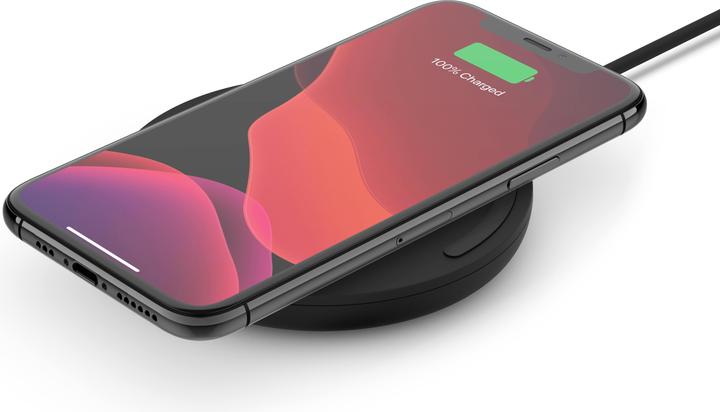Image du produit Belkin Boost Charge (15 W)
---
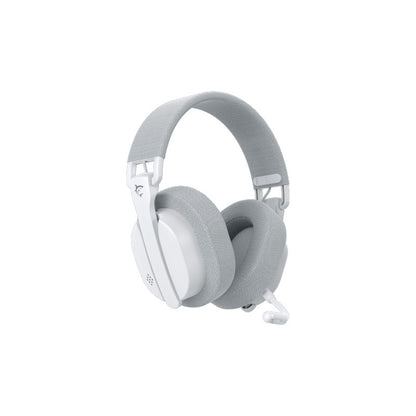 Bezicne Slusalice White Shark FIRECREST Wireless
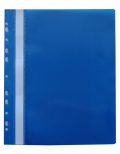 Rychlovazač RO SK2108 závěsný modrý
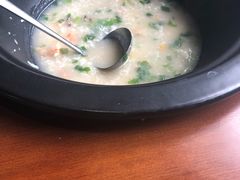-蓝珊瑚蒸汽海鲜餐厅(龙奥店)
---
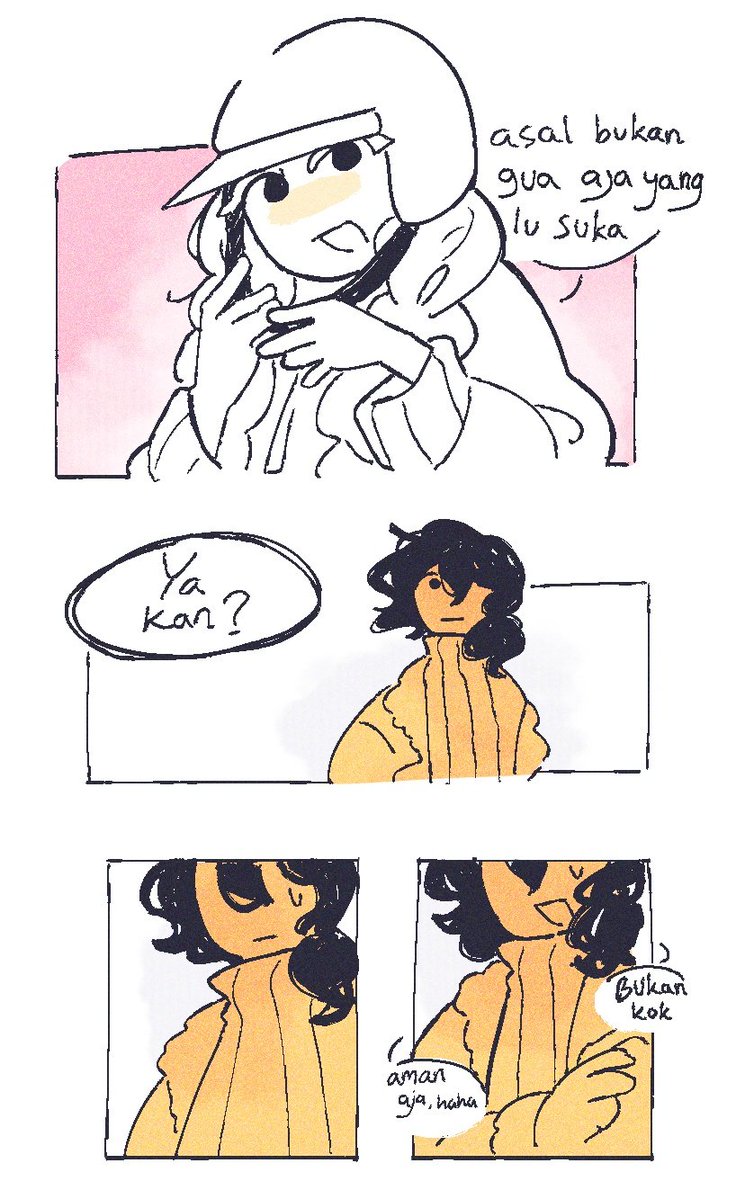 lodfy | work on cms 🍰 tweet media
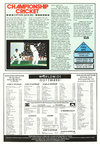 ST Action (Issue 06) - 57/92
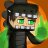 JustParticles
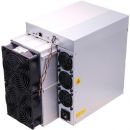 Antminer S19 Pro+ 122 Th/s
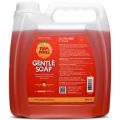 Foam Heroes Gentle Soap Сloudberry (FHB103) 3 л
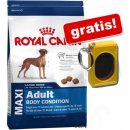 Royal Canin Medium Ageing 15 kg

PROBLEM STATEMENT
Your answer should consist of the lines above between those holding "Antminer S19 Pro+ 122 Th/s" and "Royal Canin Medium Ageing 15 kg", inclusive, reproduced word for word and without pictures.

EXERCISE ANSWER
 Antminer S19 Pro+ 122 Th/s
 Foam Heroes Gentle Soap Сloudberry (FHB103) 3 л
 Royal Canin Medium Ageing 15 kg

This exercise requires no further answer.